Yousef Hamdouna, membro della ong Educaid - che ora si trova in Italia dopo l’evacuazione da Gaza - ha trovato le parole giuste per raccontare cosa sta accadendo: «Il caos attuale non è un effetto collaterale, ma parte integrante di un progetto volto a distruggere la società palestinese dall’interno, per poi ricostruirla o come un corpo senza anima, o come un popolo disposto ad accettare di sopravvivere senza alcuna prospettiva politica e senza diritti».
Gaza, prosegue, «è il più grande esperimento di “ingegneria sociale violenta” condotto su un intero popolo». L’unità dei gazawi è spezzata dall’istinto individualista di sopravvivenza. Le notizie che provengono dalla Striscia lo dimostrano.

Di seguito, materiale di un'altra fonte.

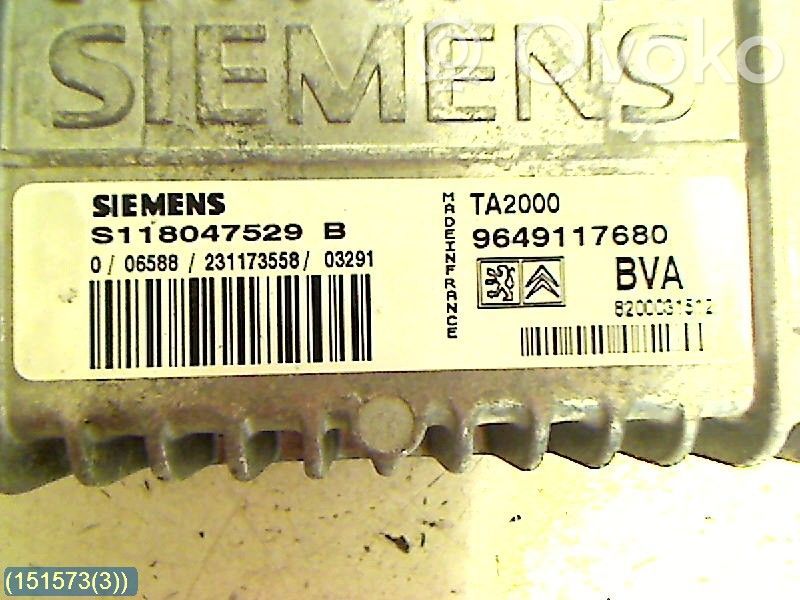 Peugeot 307 Gearbox control unit/module 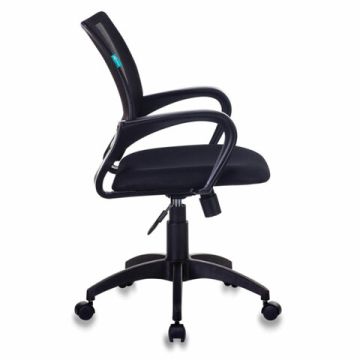 Кресло CH-695N/BLACK с подлокотниками сетка черное TW-11/TW-01 1/1 (Клиент)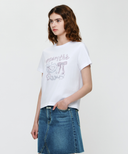W SWAN GRAPHIC TEE IN WHITE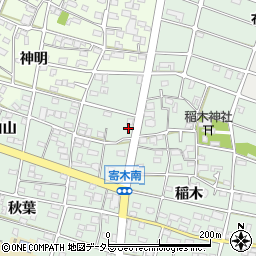愛知県江南市寄木町白山121-2周辺の地図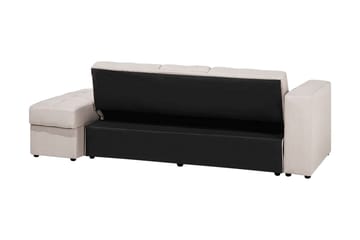 Citlalic 3-sits Längsbäddad Bäddsoffa 90x210 cm med Förvaring i Tyg - Beige - Möbler - Vardagsrum - Bäddsoffor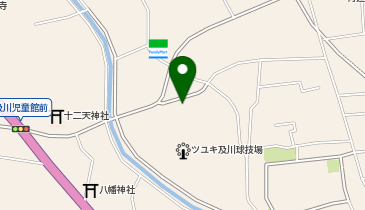 厚木市役所 及川球技場の地図画像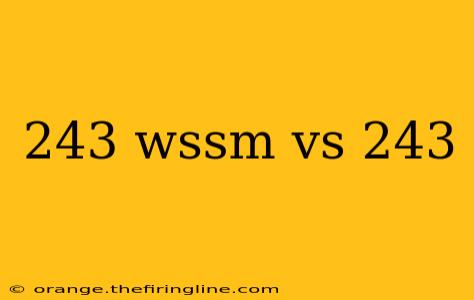 243 wssm vs 243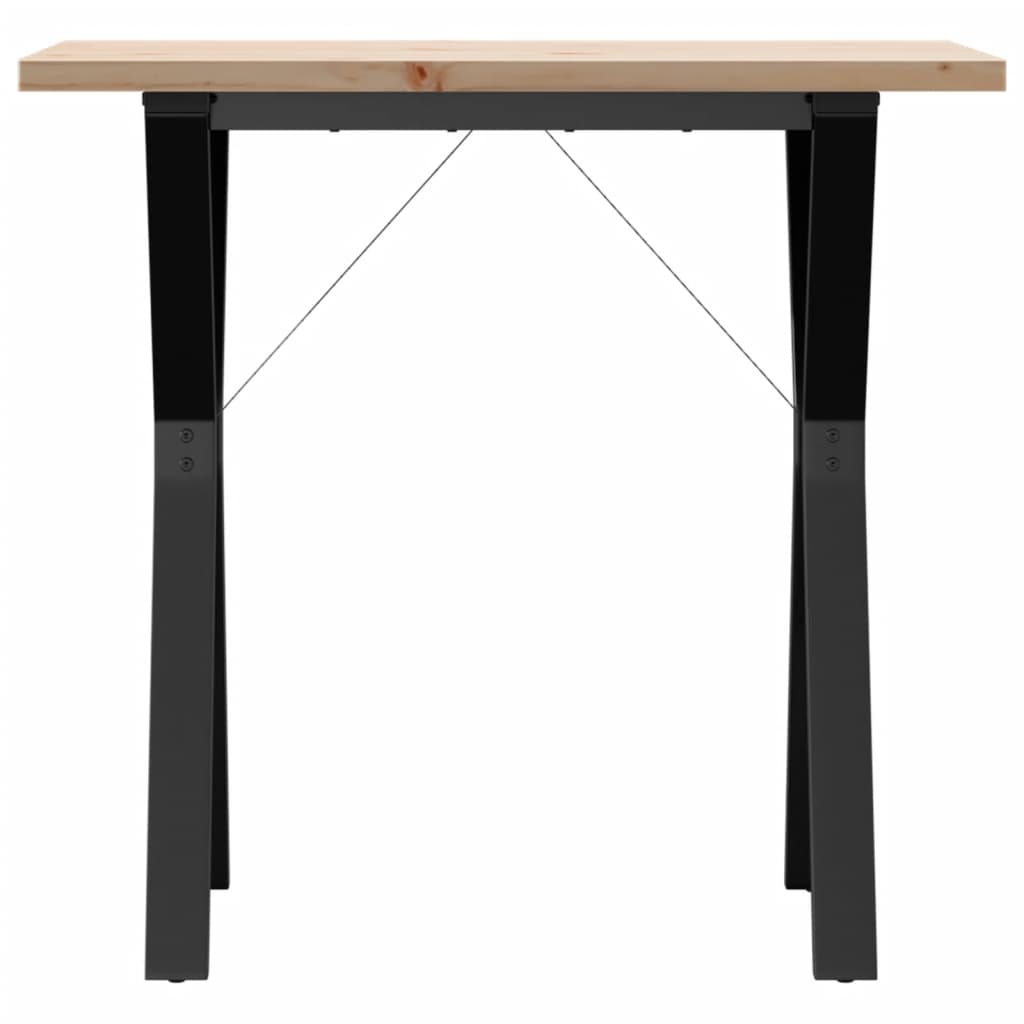 vidaXL Dining Table Y-Frame 80x50x75.5 cm Solid Wood Pine and Steel 4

Il Wfp ha fatto sapere che 15 suoi camion sono stati saccheggiati nella notte. «La fame, la disperazione e l’ansia di ricevere ulteriori aiuti alimentari contribuiscono ad aumentare l'insicurezza», si legge in una nota. «Abbiamo bisogno del sostegno delle autorità israeliane per far arrivare a Gaza volumi di aiuti alimentari molto più grandi, più rapidi, più costanti e trasportati lungo rotte più sicure».
Fase crudele
È «la fase più crudele della guerra», ha detto il segretario dell’Onu Antonio Guterres. Ieri sei addetti alla protezione degli aiuti umanitari sono stati uccisi a Deir al-Balah in raid dell’esercito israeliano, tra questi agenti della polizia di Hamas e volontari. Per il premier israeliano Benjamin Netanyahu, però, la narrazione di ciò che sta accadendo a Gaza delle ultime settimane è falsa e distorta.

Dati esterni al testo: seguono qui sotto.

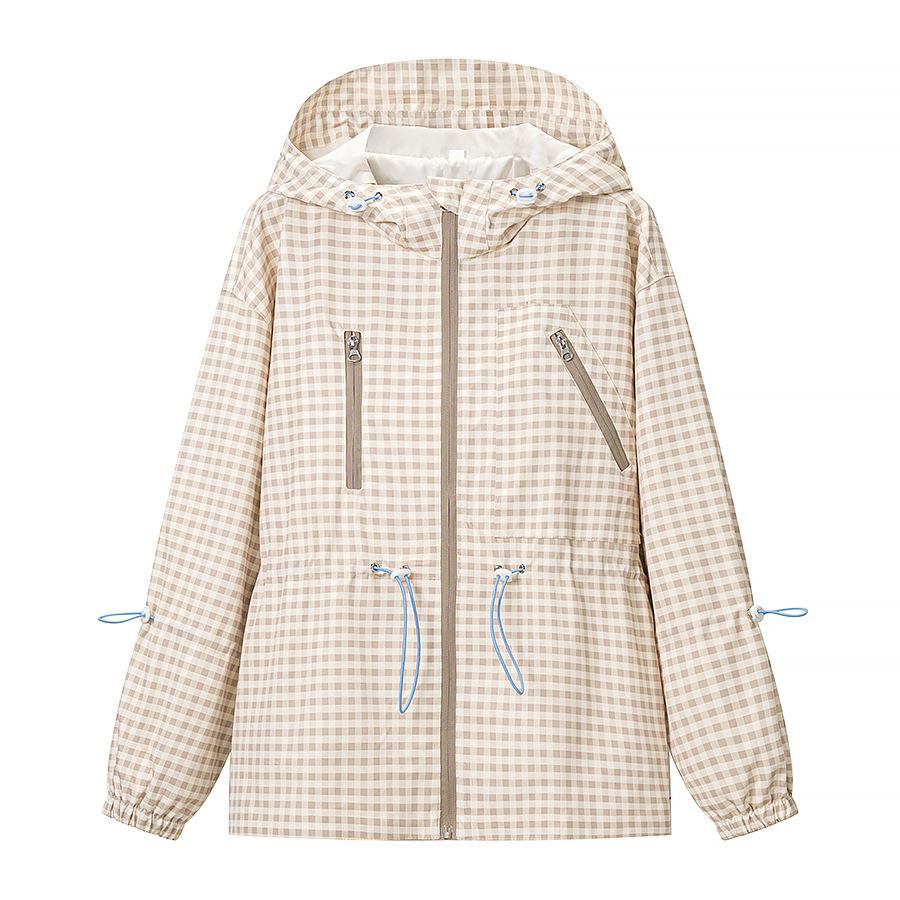 European and American women s clothing popular fashion plaid jacket jacket charge S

Dopo l’uccisione di due diplomatici dell’ambasciata d’Israele a Washington ha pubblicato un comunicato durissimo criticando i leader di Francia, Regno Unito e Canada, accusandoli di antisemitismo. Accuse respinte al mittente nella giornata di ieri. «Questi e altri leader si sono bevuti la propaganda di Hamas che dice che Israele sta affamando i bambini palestinesi», dice Netanyahu.
Ma basterebbe vedere le immagini di questi giorni e ascoltare le testimonianze dei civili per comprendere la portata della crisi umanitaria in corso. Per oltre 70 giorni a Gaza non è entrato alcun rifornimento, contro i 600 camion giornalieri durante la tregua. E ora ne sono entrati poco più di cento.

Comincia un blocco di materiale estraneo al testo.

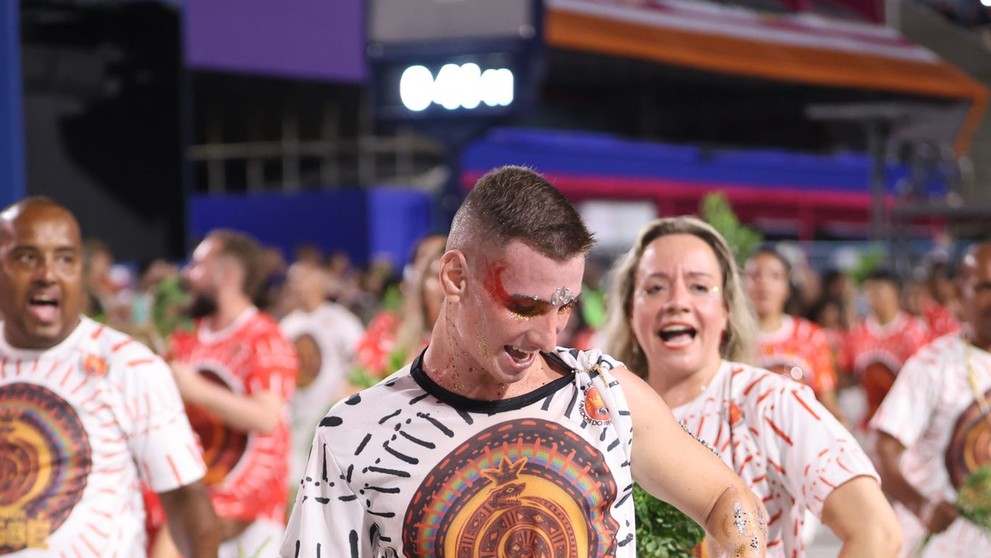 Lukáš počas generálky pred karnevalom.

Netanyahu ha anche accusato Hamas di distorcere gli aiuti trattenendo gran parte e vendendo il resto a prezzi esorbitanti. Di queste accuse, però, non ci sono prove certe. L’Onu e le sue agenzie hanno più volte illustrato gli standard seguiti per la consegna degli aiuti, un modello capillare con rigidi controlli e con poche possibilità che i carichi non giungano a destinazione.
Il premier israeliano ha annunciato che nei prossimi giorni sarà attuato il nuovo piano per la consegna dei viveri. Saranno gestiti da entità private statunitensi e israeliane, minando i principi cardini del diritto umanitario, tra cui trasparenza e imparzialità. I palestinesi saranno raccolti in 3-5 hub già costruiti nella Striscia con le preoccupazioni di essere sfollati per sempre mentre il resto di Gaza rischia di passare sotto il controllo militare di Israele.
La conta non si ferma
Nel frattempo, mentre aumentano le pressioni internazionali nella Striscia proseguono i bombardamenti. Nelle ultime 24 ore sono stati uccise 60 persone e ferite altre 185. Otto persone, tra cui sette bambini, dopo un bombardamento di un’abitazione a sud di Khan Younis. Ma c’è anche chi auspica di peggio: «Nella Seconda guerra mondiale non abbiamo negoziato una resa con i nazisti e con i giapponesi. Abbiamo lanciato la bomba atomica contro i giapponesi due volte per ottenere una resa incondizionata. Dobbiamo fare lo stesso in questo caso. C’è qualcosa di profondamente sbagliato con questa cultura e dobbiamo sconfiggerla». A pronunciare queste parole è Randy Fine, membro repubblicano della Camera dei rappresentanti degli Stati Uniti.